しかし、それは、「新規」が全く増えなければという前提が必要であるし、また、何らかの要因で、「要望無し」が「要望有り」に転化し、巡回相談員が、対応できる選択肢を確保しきっているという状況が出現しなければ、現実のものとは成り得ないと考えられる。今、大阪市内で野宿状態にある全ての人々が、自立支援センター入所を要望したとして、施設の定員からして対応できないことは明らかであるし、他の対応策も、現状ではまずないといいえる状況であることは確かである。

 それでも、「相談体制と相談数」で見たように、巡回相談員が、新規面接だけでなく、再面接を重ねており、その中で「結果」が出たものもあるのであり、それを無視することはできないであろう。

 今までの区分をさらに、「再面接有り無し」を加えて整理すると図Bのようになる。

 

 

 

 

 

 

 

 

 

 

 

 

 

 

 

 

 

 

 

 

 

 

 

 

 

 

 

全体で見て、「新規面接のみ」よりも、「再面接有り」の方が多く、「依頼有り」と「依頼無し」では、「依頼有り」のほうが、再面接にいたる割合が多い。「結果」についてみれば、「依頼無し」、「依頼有り」ともに、再面接したグループのほうが、結果に多く結びついている。

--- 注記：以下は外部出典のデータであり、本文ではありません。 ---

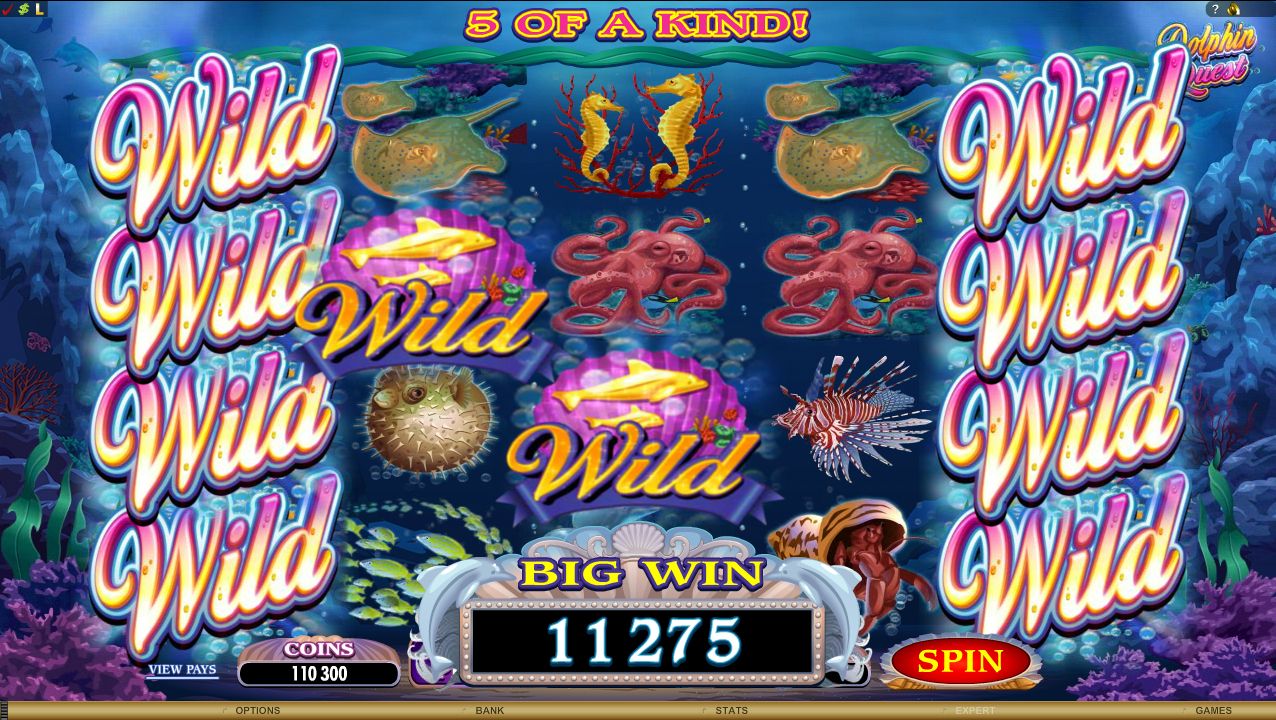 DOLPHIN QUEST SLOT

これを、巡回相談員の努力の結果と見ることもできるが、本当にそうであるかどうかは、「要望」との関係を加えて検討する必要があるだろう。「要望」に答えるために再面接が必要である手順となっていれば−たとえば、自立支援センター入所希望者の初回面接、意思確認のための2回目の面接、あるいは、自立支援センターへ送り届ける日の再面接−、当然、結果と再面接は結びついて、「新規面接結果あり」よりも、占める割合は多くなる。

 

 

 

 

 

 

 

 

 

 

 

 

 

 

 

 

 

 

 

図Cは、先の図Aの数字を、各グループ内での「要望無し」の数に置き換え、各グループ内で占める割合を示したものである。

 総数11,546人の内、要望無しは4,313人(37.4%)。再度確認しておけば、「要望無し」の占める割合は、先に紹介した1999年聞き取り調査の「行政への要望無し」18.6%の約倍であり、2003年国調査の「行政への要望無し」26.9%よりも高い。この原因が、依頼有りグループと依頼無しグループの自立支援センター整備後に作り出された「違い」によるものであるらしいことは先に検討を加えた。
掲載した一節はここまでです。